IF 3.8 2区 医学 Q1 CARDIAC & CARDIOVASCULAR SYSTEMS Pub Date : 2025-02-24 DOI: 10.1007/s00392-025-02594-8
Benedicte Bay Oxholm Brodersen, Line Tribler Kristiansen, Sidsel le Fevre Karlsen, Jeppe Hauch, Jan Jesper Andreasen, Kristian H Kragholm, Maria Lukács Krogager, Lars Valeur Køber, Peter Christian Leutscher, Dorte Melgaard, Nisha I Parikh, Morten Schou, Peter Søgaard, Christian Torp-Pedersen, Marc Meller Søndergaard

Background: Ischemic heart disease (IHD) is the leading cause of mortality in the world with an increasing incidence.

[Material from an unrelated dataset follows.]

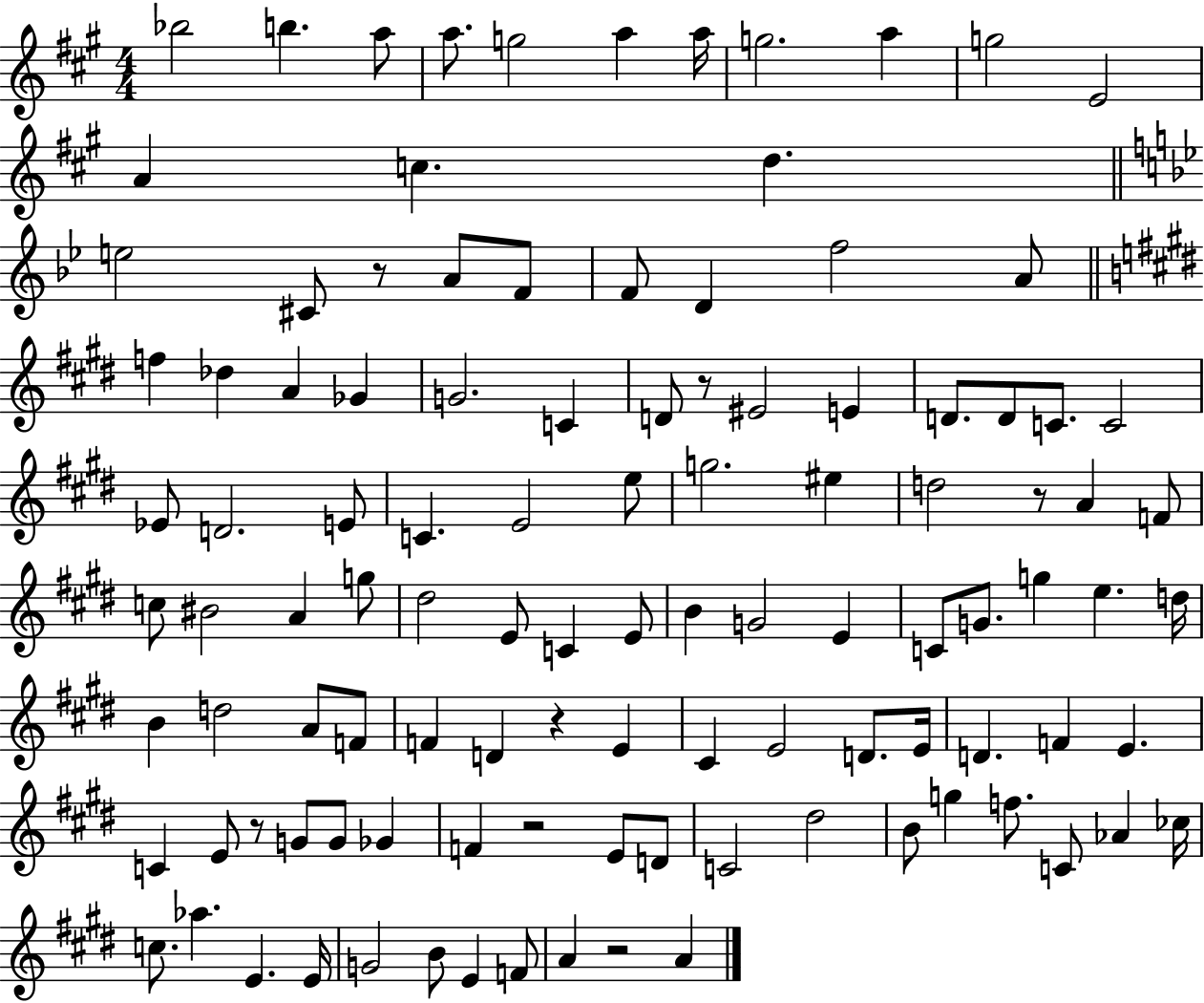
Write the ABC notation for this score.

One of the interventions to treat IHD is coronary artery bypass grafting (CABG) and people with diabetes mellitus (DM) account for approximately one quarter of all patients who undergo coronary revascularization. Furthermore, people with DM have a higher risk of mortality due to heart failure (HF).

Objective: We aim to describe the risk of developing HF after CABG in patients with versus without DM.

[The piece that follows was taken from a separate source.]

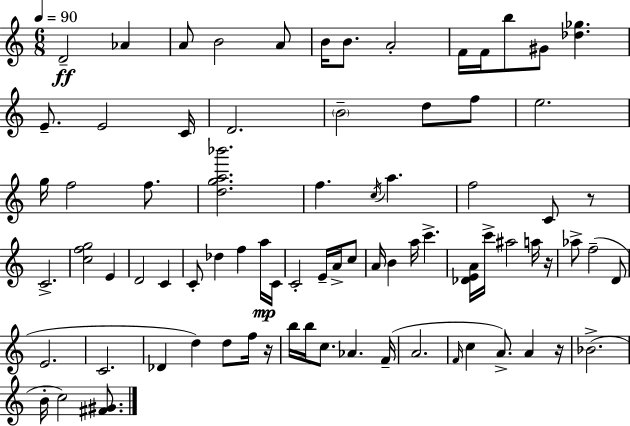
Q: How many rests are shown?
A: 4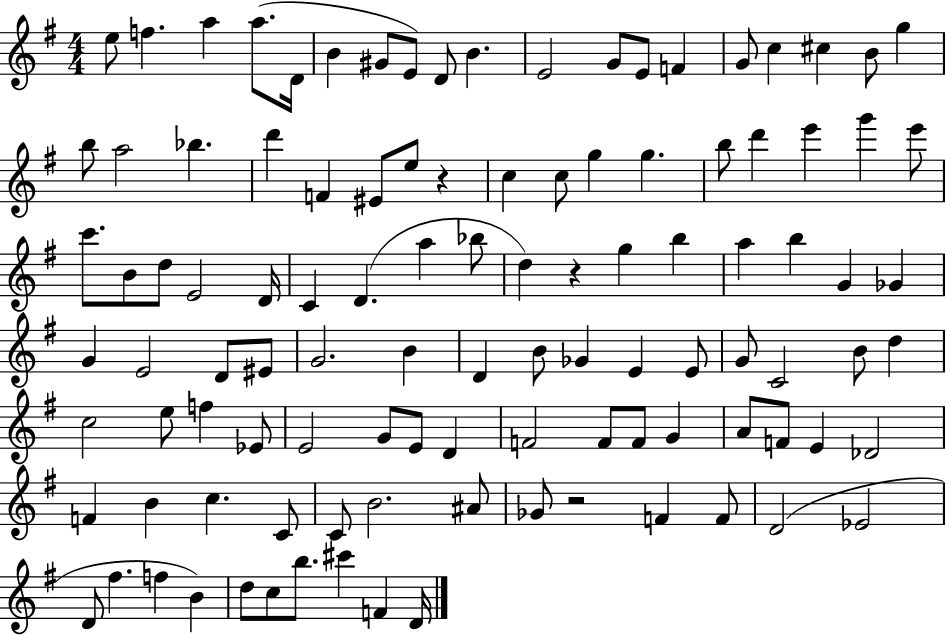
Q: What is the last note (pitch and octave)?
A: D4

Methods: Through a large nationwide register-based cohort study, patients who underwent CABG from January 1, 2000 to December 31, 2020 were included. In addition to Cox regression, g-formula methods based on multivariable Cox regression were performed to estimate the absolute risk (AR) and risk difference (RD) of the association between DM status and HF outcome, and between DM status and mortality.

Results: A total of 34,855 patients were included in this study, consisting of 6909 (19.8%) DM patients. The AR of HF after CABG in the 10th year was 35.1% versus 26.4% for patients with versus without DM (p < 0.001), respectively. The RD of HF for each exceeding year (3.7 percentage point (pp.) in the 1st year versus 8.6 pp. in the 10th year) was higher for patients with DM compared to those without DM.

Conclusion: The risk of HF was significantly higher up to ten years after CABG in patients with DM compared to those without DM.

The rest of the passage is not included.